# PROMPT
Copy nothing but the lines from the line with "taobao agent Brand" to the end of the records, retyped exactly. Pictures stay out.

# GIVEN RECORDS

┄┄┄┄┄┄┄┄┄┄

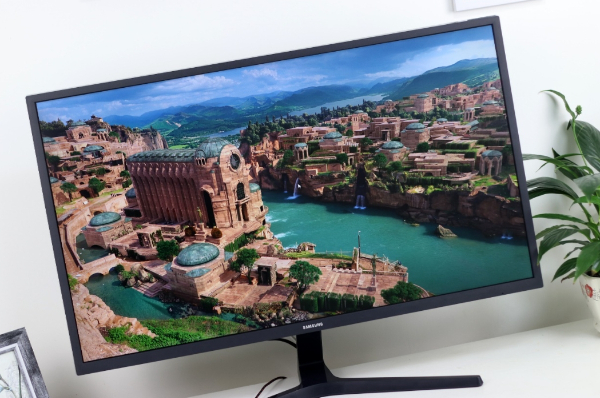 在眾多三星4K顯示器產(chǎn)品中哪些特點(diǎn)比較突出.jpg 在眾多三星4K顯示器產(chǎn)品中哪些特點(diǎn)比較突出.jpg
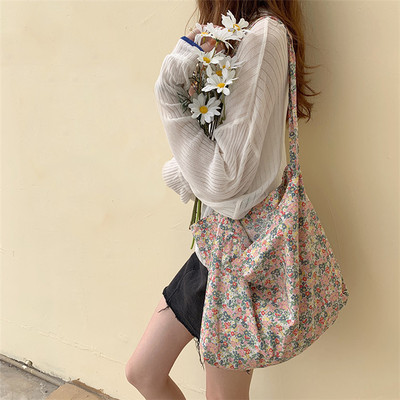 taobao agent Brand fresh Japanese school skirt, one-shoulder bag, South Korea, floral print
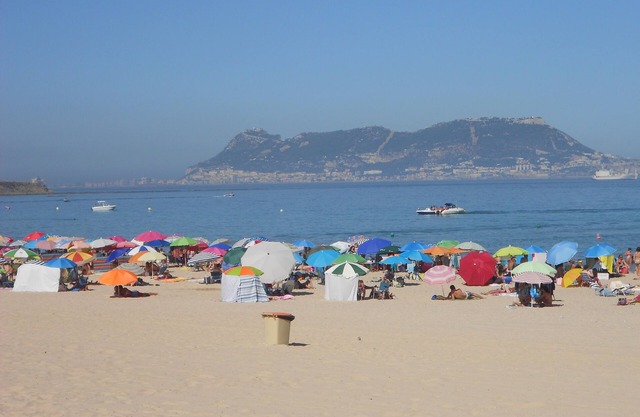 apartment at the beach of Getares with roomsbikeanddive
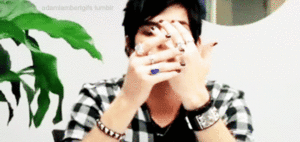 Adam Lambert GIF. Artiesten Gifs Adam lambert American idol 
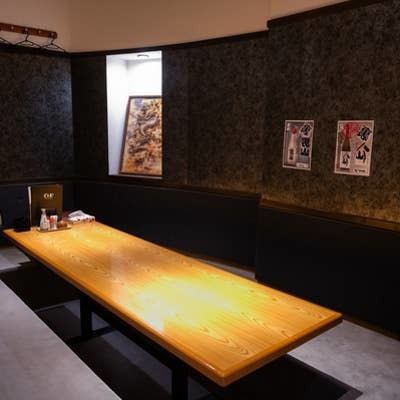 個室席は、プライベート感を大切にした落ち着いた空間です。温かみのある木材を使用したテーブルと心地よい照明が、リラックスした雰囲気を醸し出しています。友人や家族との特別な時間を楽しむのに最適で、周囲を気にせず、ゆったりとした会話が楽しめます。会食、お祝いなど多様なシーンでご利用いただけます。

┄┄┄┄┄┄┄┄┄┄

# YOUR RESPONSE
 taobao agent Brand fresh Japanese school skirt, one-shoulder bag, South Korea, floral print
 apartment at the beach of Getares with roomsbikeanddive
 Adam Lambert GIF. Artiesten Gifs Adam lambert American idol 
 個室席は、プライベート感を大切にした落ち着いた空間です。温かみのある木材を使用したテーブルと心地よい照明が、リラックスした雰囲気を醸し出しています。友人や家族との特別な時間を楽しむのに最適で、周囲を気にせず、ゆったりとした会話が楽しめます。会食、お祝いなど多様なシーンでご利用いただけます。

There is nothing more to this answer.